**What this task involves**
Transcribe exactly, and only, the lines from the one containing "C.C BeanieTail Soft" through the last line of the data.
++++ Source material
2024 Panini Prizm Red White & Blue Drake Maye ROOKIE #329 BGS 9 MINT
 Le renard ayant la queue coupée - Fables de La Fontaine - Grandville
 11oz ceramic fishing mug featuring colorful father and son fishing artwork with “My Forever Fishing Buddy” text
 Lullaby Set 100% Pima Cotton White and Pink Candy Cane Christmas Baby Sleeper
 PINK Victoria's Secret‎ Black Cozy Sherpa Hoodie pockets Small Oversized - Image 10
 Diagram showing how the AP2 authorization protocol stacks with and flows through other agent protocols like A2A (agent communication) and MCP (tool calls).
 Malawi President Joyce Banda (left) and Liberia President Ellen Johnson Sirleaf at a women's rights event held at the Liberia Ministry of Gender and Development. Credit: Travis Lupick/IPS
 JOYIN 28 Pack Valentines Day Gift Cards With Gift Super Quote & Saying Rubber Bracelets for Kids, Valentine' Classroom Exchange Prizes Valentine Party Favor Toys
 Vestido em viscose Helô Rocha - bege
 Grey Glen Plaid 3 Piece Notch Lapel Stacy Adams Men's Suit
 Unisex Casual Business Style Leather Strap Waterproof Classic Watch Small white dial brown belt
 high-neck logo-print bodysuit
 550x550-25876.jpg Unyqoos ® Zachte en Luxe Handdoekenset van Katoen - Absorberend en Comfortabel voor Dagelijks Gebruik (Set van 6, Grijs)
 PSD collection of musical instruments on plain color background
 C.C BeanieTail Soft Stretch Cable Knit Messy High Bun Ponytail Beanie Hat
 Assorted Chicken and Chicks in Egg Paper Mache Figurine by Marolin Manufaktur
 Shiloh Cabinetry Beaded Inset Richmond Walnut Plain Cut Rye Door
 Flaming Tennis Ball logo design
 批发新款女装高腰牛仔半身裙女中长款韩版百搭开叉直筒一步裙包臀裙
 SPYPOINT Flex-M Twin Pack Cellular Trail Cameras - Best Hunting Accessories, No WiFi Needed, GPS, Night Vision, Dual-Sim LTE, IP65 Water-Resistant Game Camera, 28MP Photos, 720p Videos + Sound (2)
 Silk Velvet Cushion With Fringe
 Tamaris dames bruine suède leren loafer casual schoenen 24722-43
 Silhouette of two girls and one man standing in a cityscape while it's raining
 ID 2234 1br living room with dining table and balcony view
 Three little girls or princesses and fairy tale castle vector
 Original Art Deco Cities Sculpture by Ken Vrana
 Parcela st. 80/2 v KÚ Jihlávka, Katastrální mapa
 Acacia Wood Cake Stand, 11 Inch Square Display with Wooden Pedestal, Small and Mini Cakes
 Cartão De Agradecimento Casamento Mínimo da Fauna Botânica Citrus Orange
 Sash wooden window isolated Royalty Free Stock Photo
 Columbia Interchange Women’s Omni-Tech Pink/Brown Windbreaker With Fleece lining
++++++++
**Result**
 C.C BeanieTail Soft Stretch Cable Knit Messy High Bun Ponytail Beanie Hat
 Assorted Chicken and Chicks in Egg Paper Mache Figurine by Marolin Manufaktur
 Shiloh Cabinetry Beaded Inset Richmond Walnut Plain Cut Rye Door
 Flaming Tennis Ball logo design
 批发新款女装高腰牛仔半身裙女中长款韩版百搭开叉直筒一步裙包臀裙
 SPYPOINT Flex-M Twin Pack Cellular Trail Cameras - Best Hunting Accessories, No WiFi Needed, GPS, Night Vision, Dual-Sim LTE, IP65 Water-Resistant Game Camera, 28MP Photos, 720p Videos + Sound (2)
 Silk Velvet Cushion With Fringe
 Tamaris dames bruine suède leren loafer casual schoenen 24722-43
 Silhouette of two girls and one man standing in a cityscape while it's raining
 ID 2234 1br living room with dining table and balcony view
 Three little girls or princesses and fairy tale castle vector
 Original Art Deco Cities Sculpture by Ken Vrana
 Parcela st. 80/2 v KÚ Jihlávka, Katastrální mapa
 Acacia Wood Cake Stand, 11 Inch Square Display with Wooden Pedestal, Small and Mini Cakes
 Cartão De Agradecimento Casamento Mínimo da Fauna Botânica Citrus Orange
 Sash wooden window isolated Royalty Free Stock Photo
 Columbia Interchange Women’s Omni-Tech Pink/Brown Windbreaker With Fleece lining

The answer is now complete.